# "camp sole": Can anyone explain it to me?



## tocqueville (Nov 15, 2009)

While perusing various forums here in addition to the Quoddy and Russell websites, I've become acquainted with camp soles, which I recognize from the 80s. Girls in my very preppy neighborhood wore bluchers with camp soles. I don't know what brand they were wearing. Anyway, can someone explain to me the origin/purpose of the camp sole? Do they have any particular virtues?


----------



## dmac (Jun 30, 2006)

The origin/purpose was for milling about camp, i.e. what vacationers in Maine call their summer houses. These can range from something small and rustic by a pond or a large Bar Harbor manse. They perform that job nicely, though I don't notice any difference, on land anyway, between the camp sole, still in use on most Quoddy models, and the nonslip Topsider style sole that LL Bean started putting on all its bluchers about 10 years ago (replacing the camp sole).


----------



## dmac (Jun 30, 2006)

Oh, and the design, I'm guessing, is a more weatherproof take on the flat leather bottomed Indian moccasin.


----------



## tocqueville (Nov 15, 2009)

So basically they're good for lounging about the house and yard, but not necessarily walking?

All the girls wore them in my school. The preppy boys wore deck shoes. I don't recall seeing men in camp shoes at all.
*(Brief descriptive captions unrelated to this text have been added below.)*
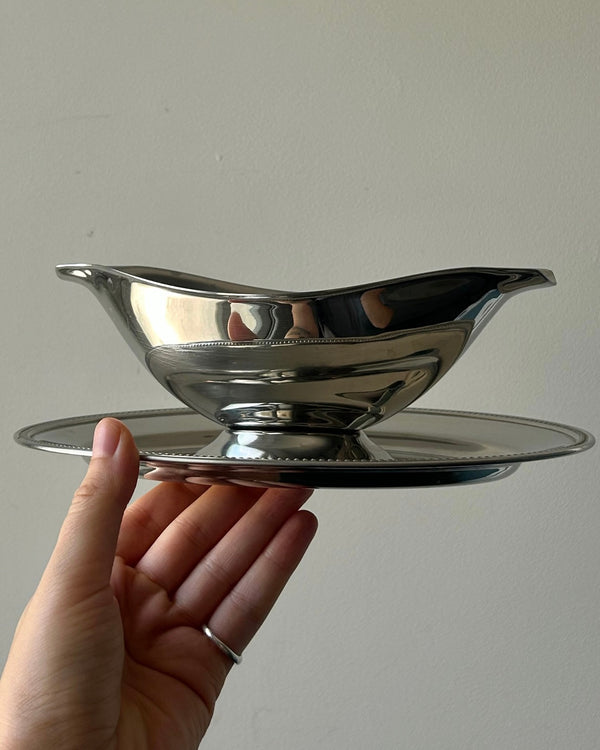 Stainless Steel Sauce Dish (M)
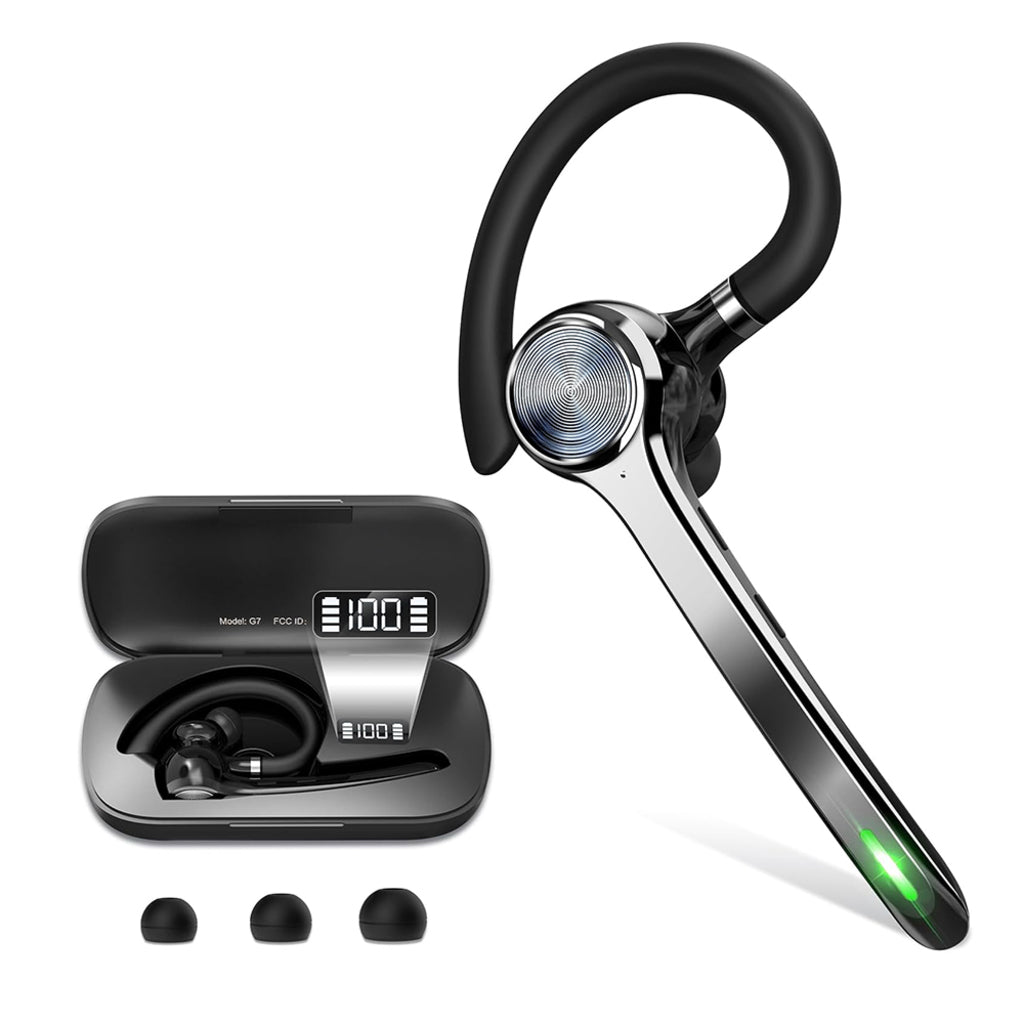 Handsfree Bluetooth Techsuit NeXound G7, MultiPoint, A2DP, Črna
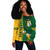 South Africa Off Shoulder Sweatshirt Springboks Champions Style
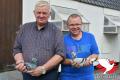 Ferdinand en Karel Denduyver bekroonden een goed seizoen met de titel van 1e Nat. Kampioen Grote Fond en Fond Jaarlingen.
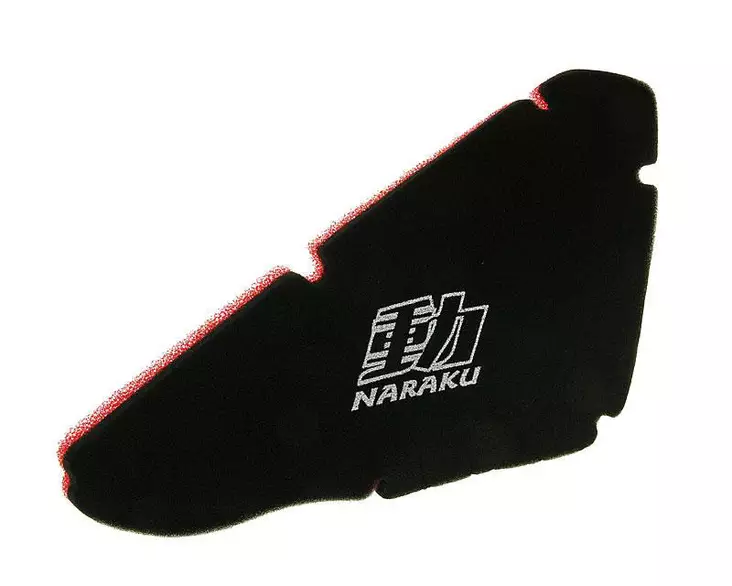 Naraku Ilmansuodatin, Double Layer, Aprilia SR Inje. / Gilera- / Piaggio PureJet - Ilmansuodattimet - 302-0957 - 1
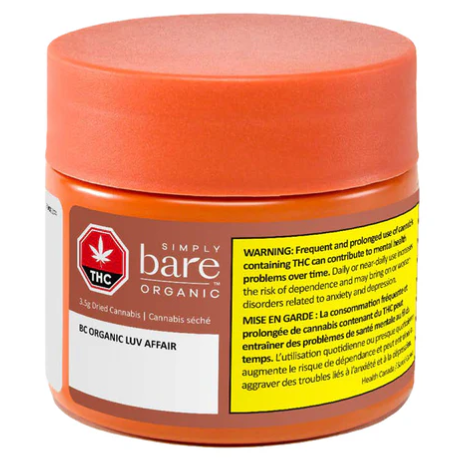 Simply Bare - Bc Organic Luv Affair Lto
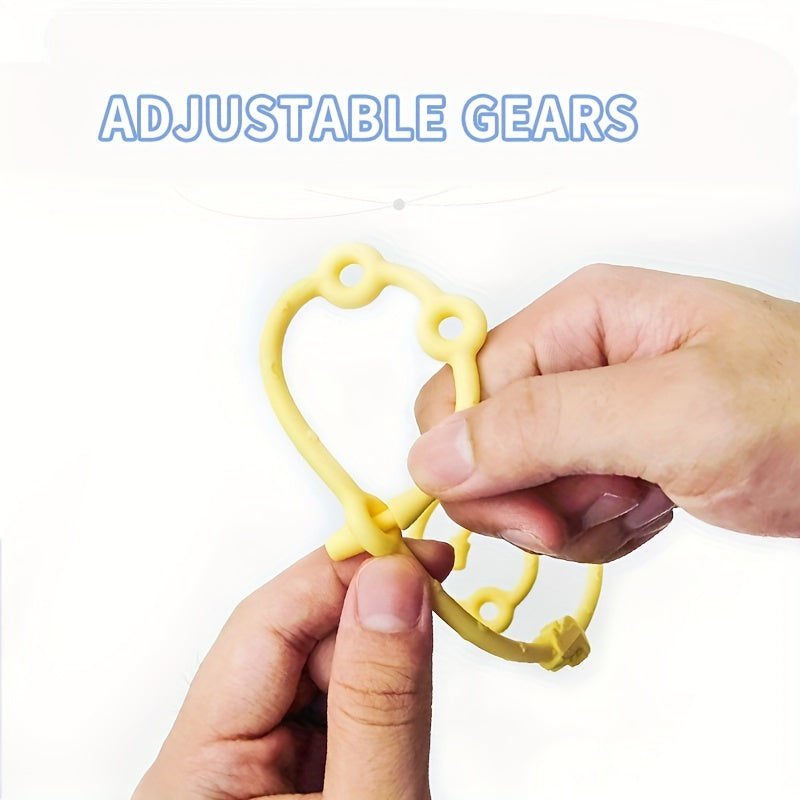 Baby Pacifier Chain Silicone Anti-drop Toy Rope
If I recall correctly, I wore Chuck Taylors at the time.


----------



## Starch (Jun 28, 2010)

Just to confirm what people refer to with the phrase "camp sole:" to me, anyway, it's a brownish rubber sole - very similar to a typical Topsider boat-shoe sole, except (going in order from most noticeable difference to least): brown, instead of off-white; no siping; heel is only slightly higher than the sole (a tad less so than a Topsider sole, which is also pretty flat as shoes go); no heel-break; little "scoop out" in center of heel instead.

I'm sort of surprised that someone would take much note of who wears shoes with this sole. Except for the color, one would need to be pretty attentive to tell the difference between it and the brownish sole found on a lots of "non-iconic" boat shoes (Timberlands, for example).

I think the camp sole works fine for walking. As dmac notes, it's functionally well-nigh-identical to a Topsider sole, except perhaps on a wet boat deck (and maybe not even then, if it's a modern fiberglass boat deck with the traction stuff on it).

Deck shoes (assuming we're talking about Topsider-esque shoes) _are_ bluchers. They're not wildly different(1) from the LL Bean-esque camp mocs, and both always seemed to be worn by approximately(2) the same group of people in my experience.

Incidentally, the old-style camp sole, or a pretty close version of it, still appears on the LL Bean signature moc.

(1) Differences:
- The sole color, though not really, as lots of boat shoes also have brown sole (or non-white, anyway)
- Details of the sole that you'd really only notice if you were holding the shoes in your hand ... and how often do you hold other people's shod feet in your hand, even if they are preppy girls?
- Absence of the lace around the heel on boat shoes (really the only definitive difference).
- Tendency to have more eyelets, though there are camp mocs with just four.
- Tendency to have boot-style orange laces, rather than leather laces, though people change them.
- Tendency toward different leather (darker, pebble-grain), though the classes of shoes overlap here.
- Details of construction, though there are as many - if not more - differences among different brands of boat shoes.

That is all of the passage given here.